The placement agent may, in its sole discretion and without notice, waive the terms of any of these lock-up agreements.
In
addition, subject to certain exceptions, we have agreed to not issue any securities that are subject to a price reset based on the trading
prices of our common stock or upon a specified or contingent event in the future, or enter into any agreement to issue securities at
a future determined price for a period of one year following the closing date of this offering.
Indemnification
We
have agreed to indemnify the placement agent against certain liabilities, including certain liabilities under the Securities
Act, or to contribute to payments that the placement agent may be required to make in respect of those liabilities.
In
addition, we will indemnify the purchasers of securities in this offering against liabilities arising out of or relating to (i) any breach
of any of the representations, warranties, covenants or agreements made by us in the securities purchase agreement or related documents
or (ii) any action instituted against a purchaser by a third party (other than a third party who is affiliated with such purchaser) with
respect to the securities purchase agreement or related documents and the transactions contemplated thereby, subject to certain exceptions
Regulation
M Compliance
The
placement agent may be deemed to be an underwriter within the meaning of Section 2(a)(11) of the Securities Act, and any fees received
by it and any profit realized on the sale of our securities offered hereby by it while acting as principal might be deemed to be underwriting
discounts or commissions under the Securities Act.
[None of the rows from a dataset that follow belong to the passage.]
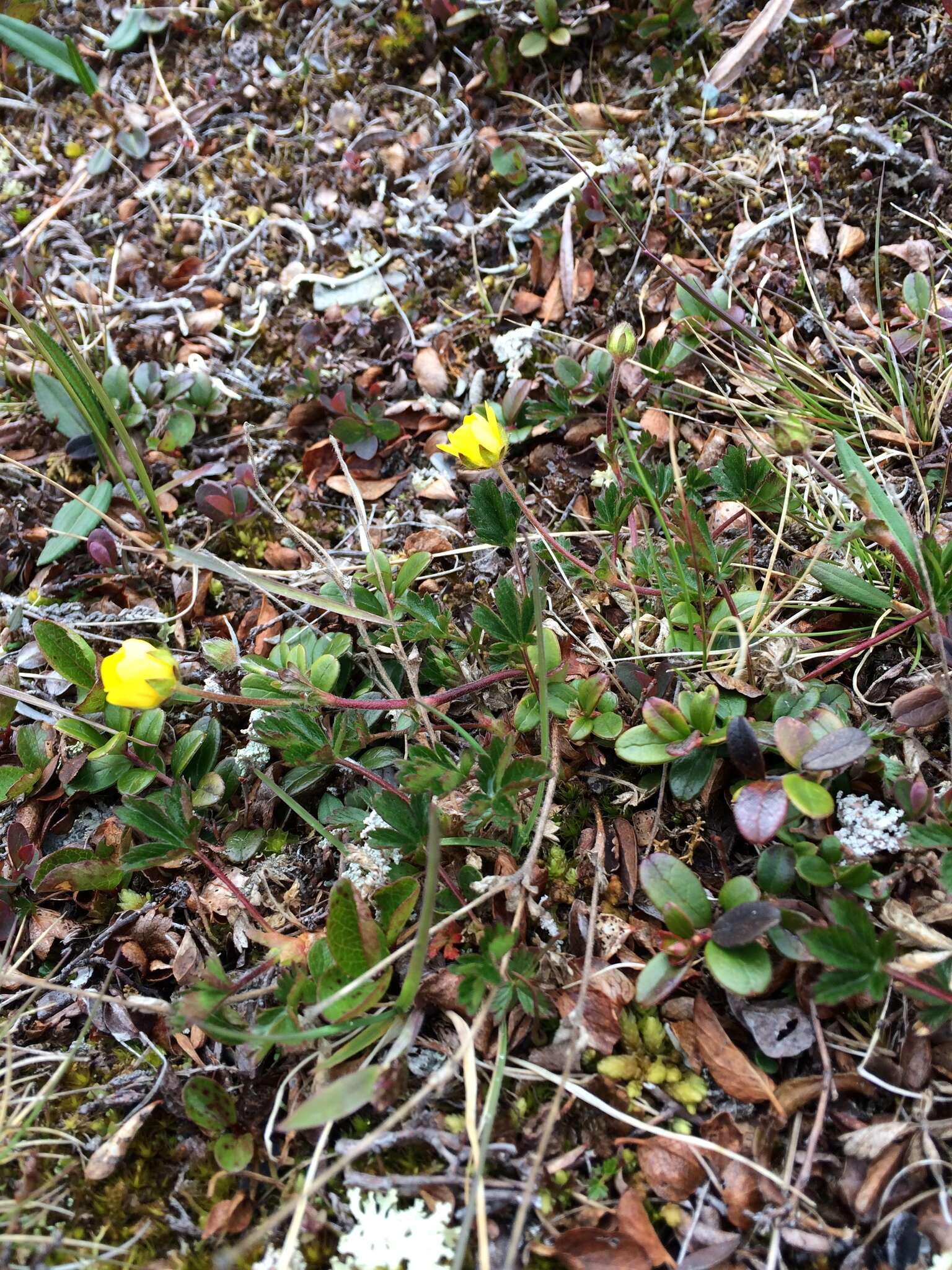 Слика од Potentilla crantzii (Crantz) Beck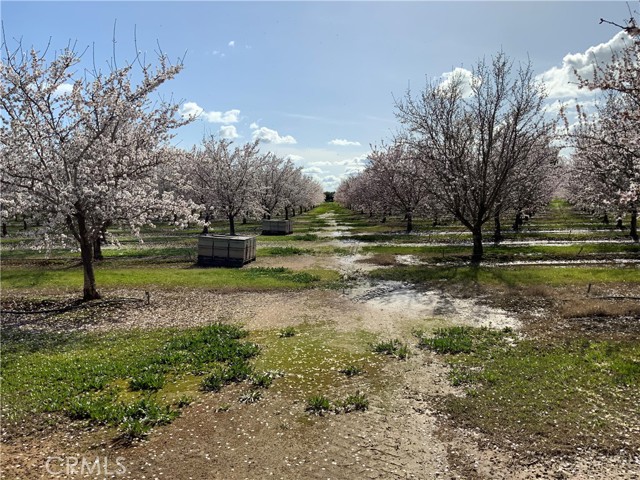 24895 New Jersey Avenue, Corning, California 96021, 3 Bedrooms Bedrooms, ,2 BathroomsBathrooms,Residential,For Sale,24895 New Jersey Avenue,CRSN24036321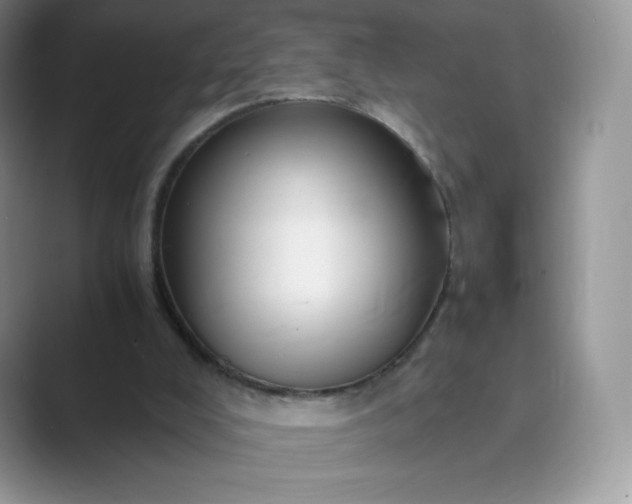 X0000089730008200707051747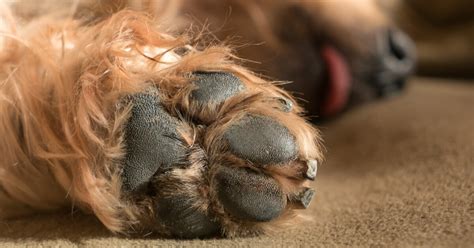 The Importance of Dog Paw Protection: Keeping Your Furry Friend Safe and Comfortable - Pet Care ...
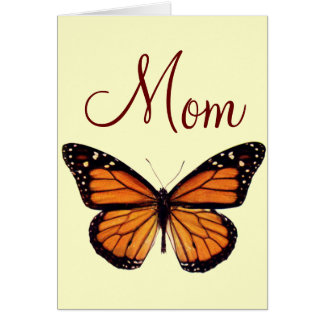 Pretty Monarch Butterfly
The placement agent will be required to comply with the requirements of the Securities
Act and the Exchange Act, including, without limitation, Rule 10b-5 and Regulation M under the Exchange Act. These rules and regulations
may limit the timing of purchases and sales of our securities by the placement agent. Under these rules and regulations, the placement
agent may not (i) engage in any stabilization activity in connection with our securities; and (ii) bid for or purchase any of our securities
or attempt to induce any person to purchase any of our securities, other than as permitted under the Exchange Act, until they have completed
their participation in the distribution.
Other
Relationships
The
placement agent and its affiliates have engaged, and may in the future engage, in investment banking transactions and other commercial
dealings in the ordinary course of business with us or our affiliates. The placement agent has received, or may in the future receive,
customary fees and commissions for these transactions.
In
addition, in the ordinary course of their business
activities, the placement agent and its affiliates may make or hold a broad array of investments and actively trade debt and equity
securities (or related derivative securities) for their own account and for the accounts of their customers. Such investments
and securities activities may involve securities and/or instruments of ours or our affiliates. The placement agent and its affiliates
may also make investment recommendations and/or publish or express independent research views in respect of such securities or
financial instruments and may hold, or recommend to clients that they acquire, long and/or short positions in such securities
and instruments.
The
placement agent serves as the placement agent pursuant to our at-the-market offering. In connection with the ATM Agreement, the placement
agent is entitled to a commission of 3.0% of the gross proceeds from each sale of shares of our common stock pursuant to such agreement.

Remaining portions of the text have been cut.